Moving the bulk of the input packet processing to the cpus where
the applications actually sit had a non-trivial benefit.  RFS takes
this aspect to yet another level.

> I think the main challenge for my pedantic mind is missing details. Is
> there a paper on rps? Example for #d above, the commit log mentions that
> rps benefits if you have certain types of "cache hierachy". Probably
> some arch with large shared L2/3 (maybe inclusive) cache will benefit.

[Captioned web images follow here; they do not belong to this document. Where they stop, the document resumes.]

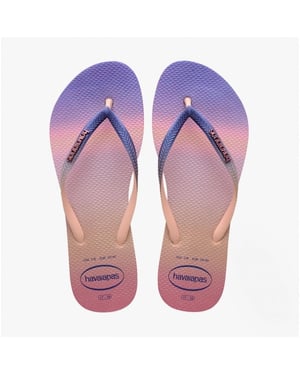 Havaianas Hav Slim Gradient Sunset Womens Flip Flops Ballet Rose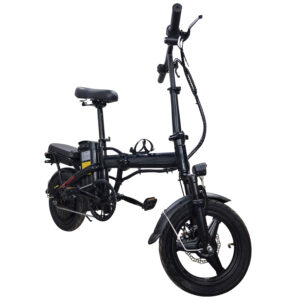 Bicicleta Elétrica Dobrável 400W 48V Painel Digital 30Km/h Farol de Led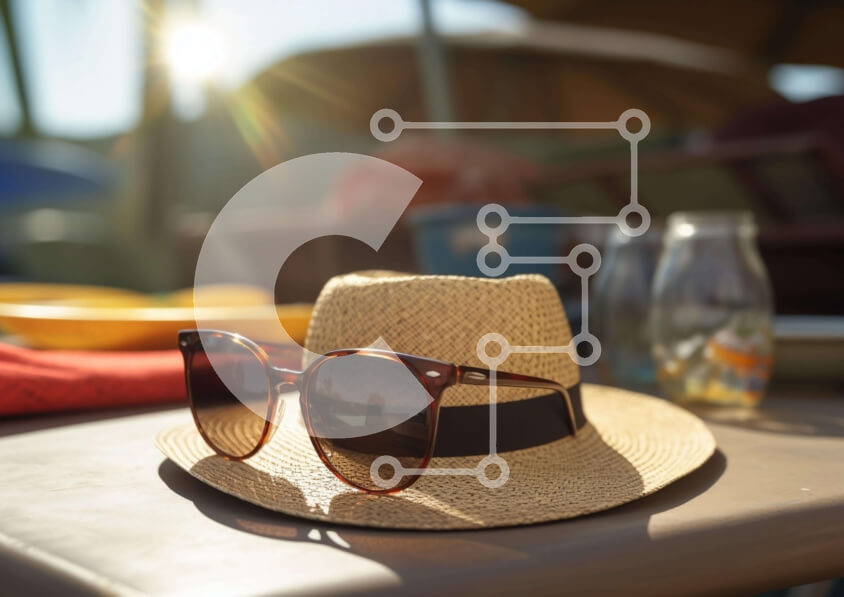 Intra Συλλεκτικό Ξύλινο Παζλ Plywood  4mm - Απαραίτητα προϊόντα για την παραλία Σε Ξύλινο Κουτί - Διαστάσεις Puzzle: 10x10 cm – 25 κομμάτια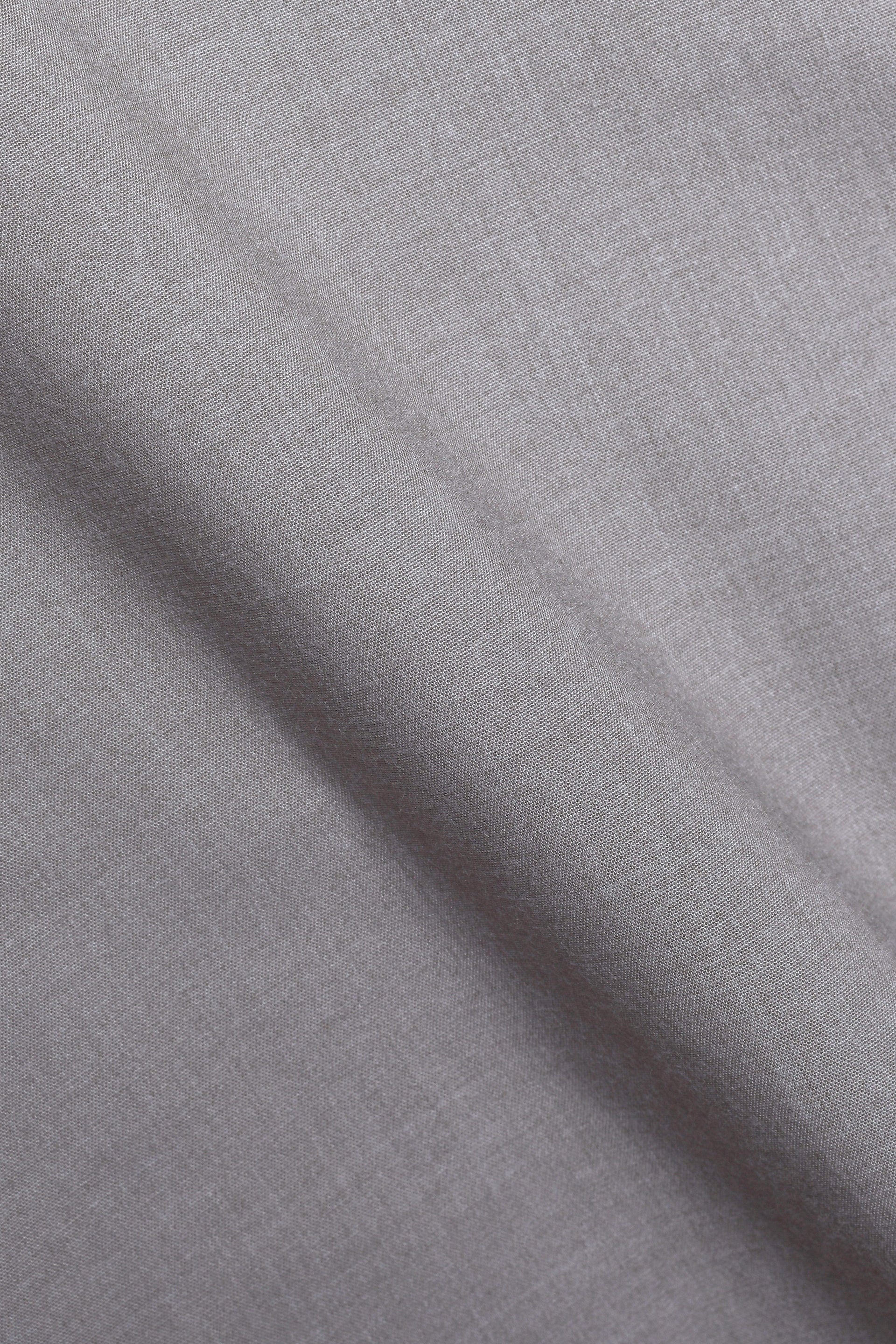 Easy Iron Office Stretch Shirt In Beige
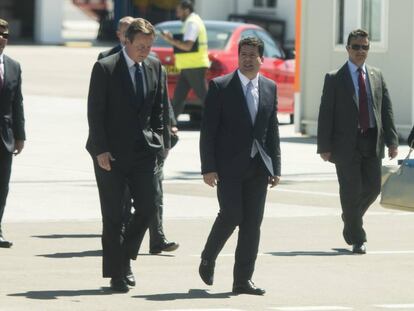 David Cameron during his 2016 visit to Gibraltar.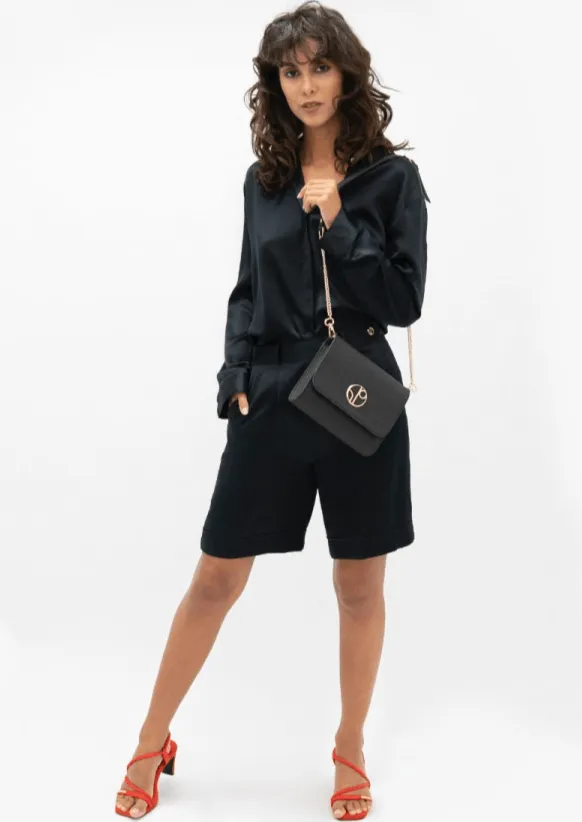 Manila MNL Tailored Shorts in Black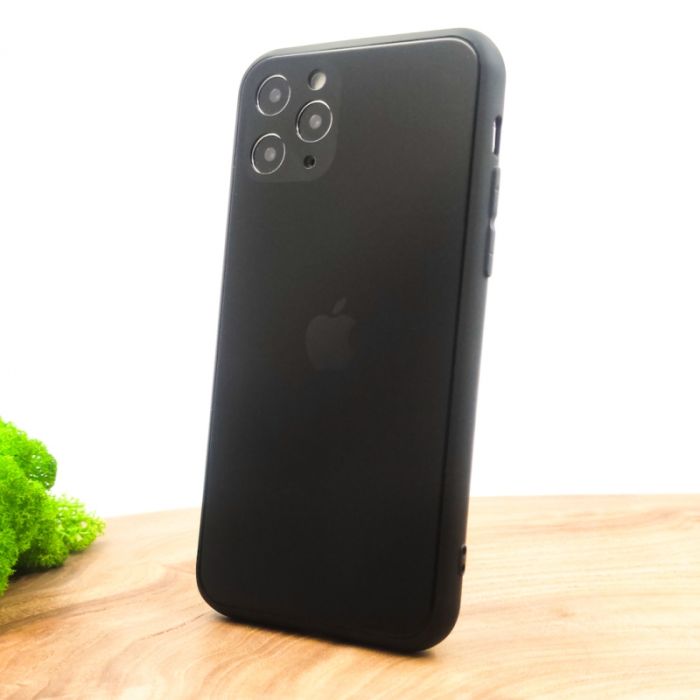 Оригинальный стеклянный чехол HOCO Glass Case для iPhone 11 Pro Max Black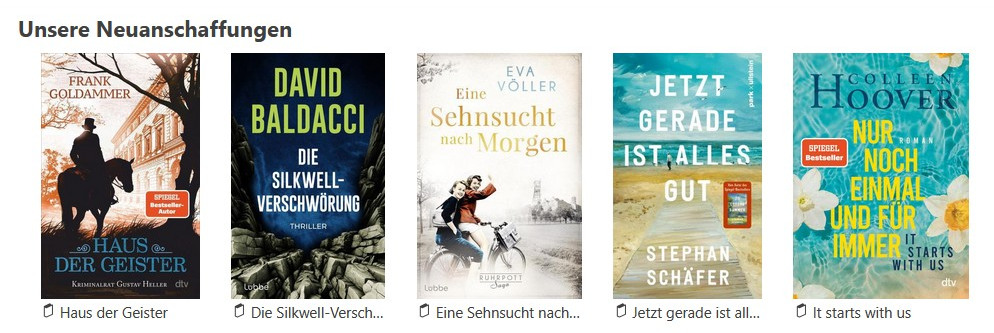 Unsere Neuanschaffungen 2025.12.6 (c) Powered by Borromedien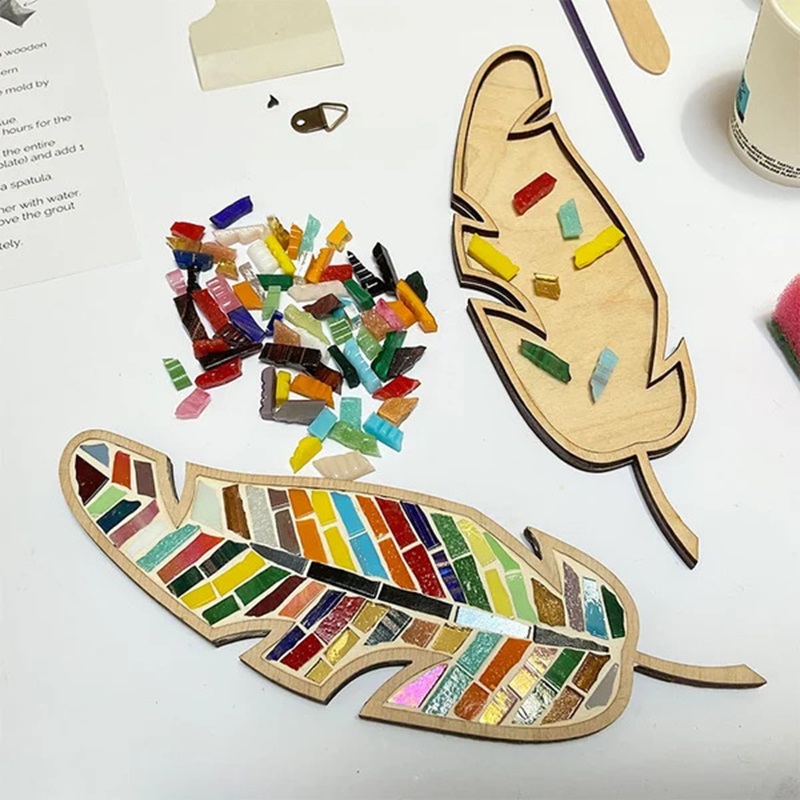 DIY Mosaic Coaster Colored Fea - Kids Educational Device recension och pris
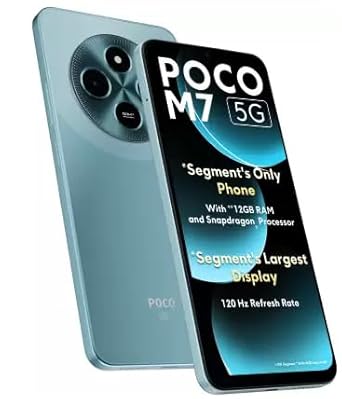 POCO M7 5G, Ocean Blue (6GB, 128GB) - image, photos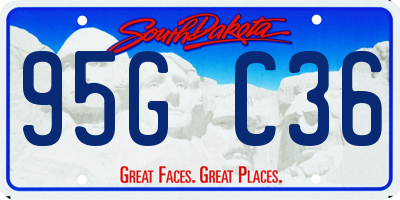 SD license plate 95GC36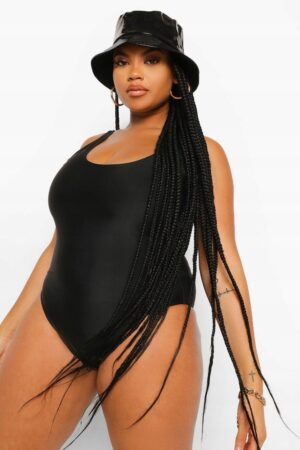 X8B009 BOOHOO PLUS CZARNY STRÓJ KĄPIELOWY 44 XXL - obrazek 4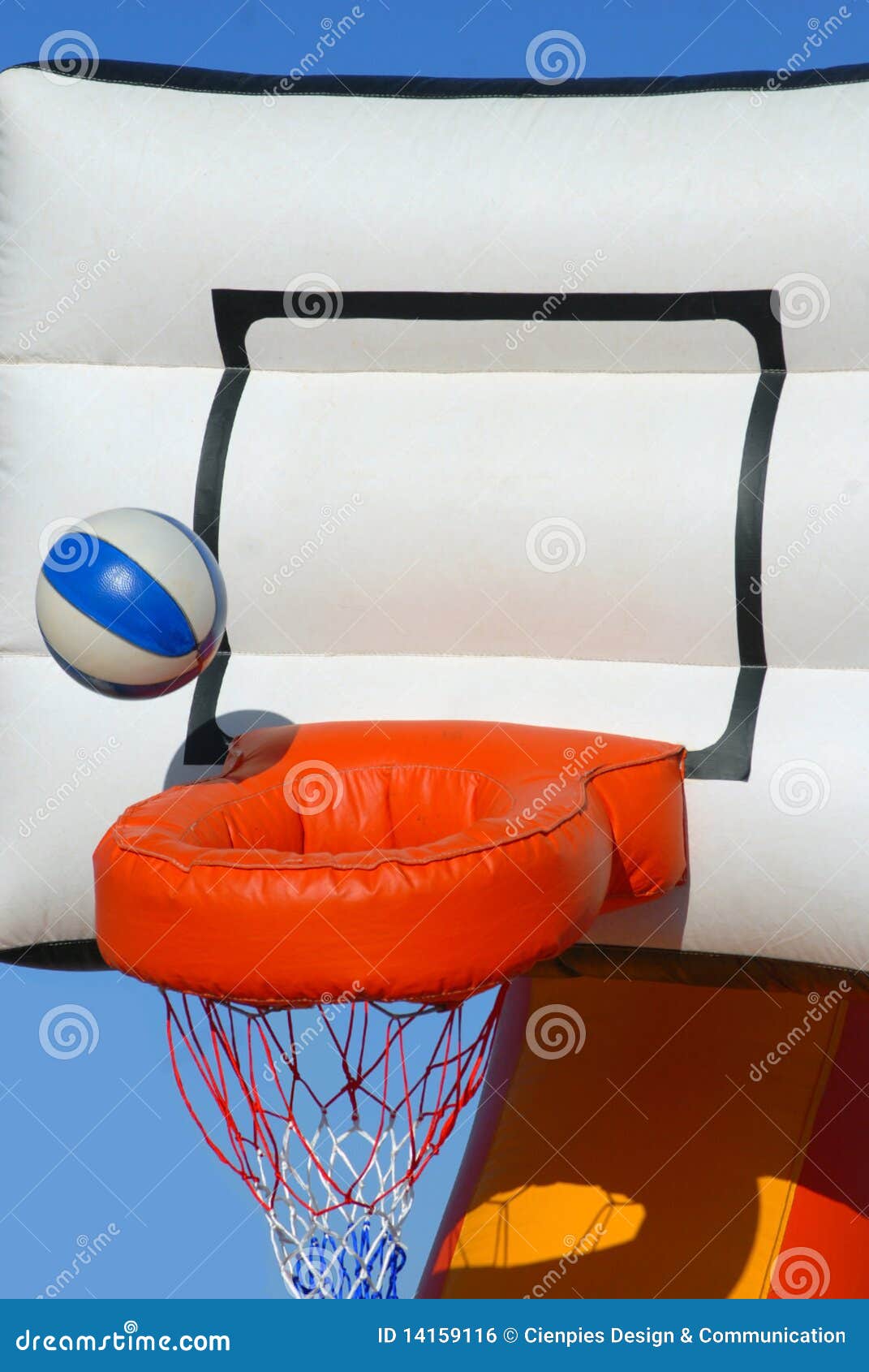 Colorful Inflatable Basketball Toy Stock Photo Image of playground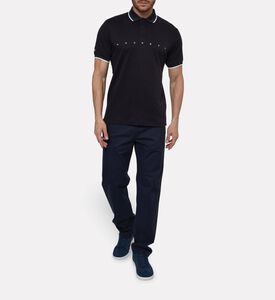 Hackett London Button Placket Regular-fit Polo, Black, Xl, Model View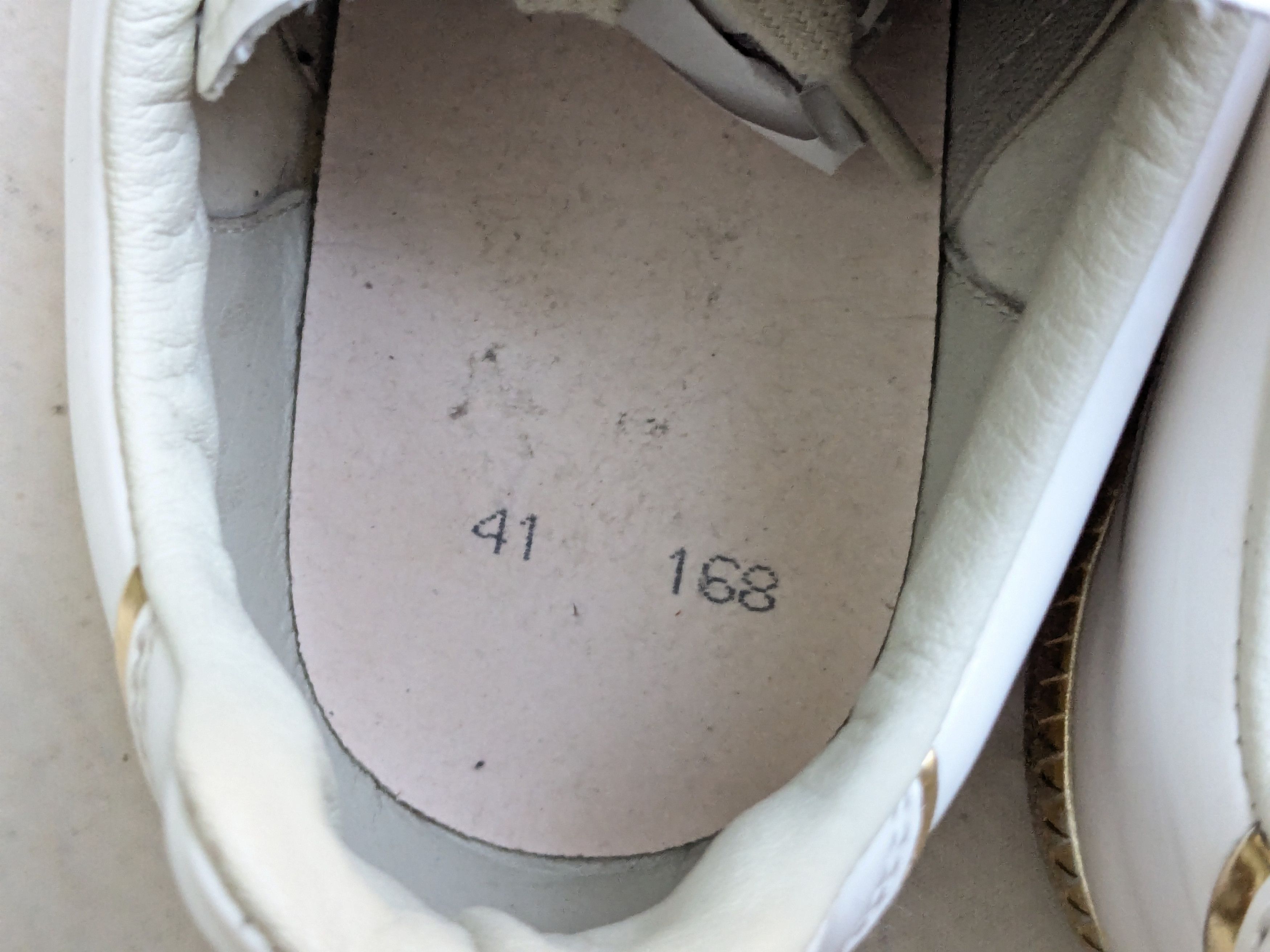 Maison Margiela Maison Margiela GAT Replica White Gold Patent Leather 8 41 Size US 8 / EU 41 - 8 Thumbnail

> example: it does well on Nehalem and probably opterons as long (as you
> dont start stacking these things on some interconnect like QPI or HT).
> But what happens when you have FSB sharing across cores (still a very
> common setup)? etc etc

I think for the case where application locality is important,
RPS/RFS can help regardless of cache details.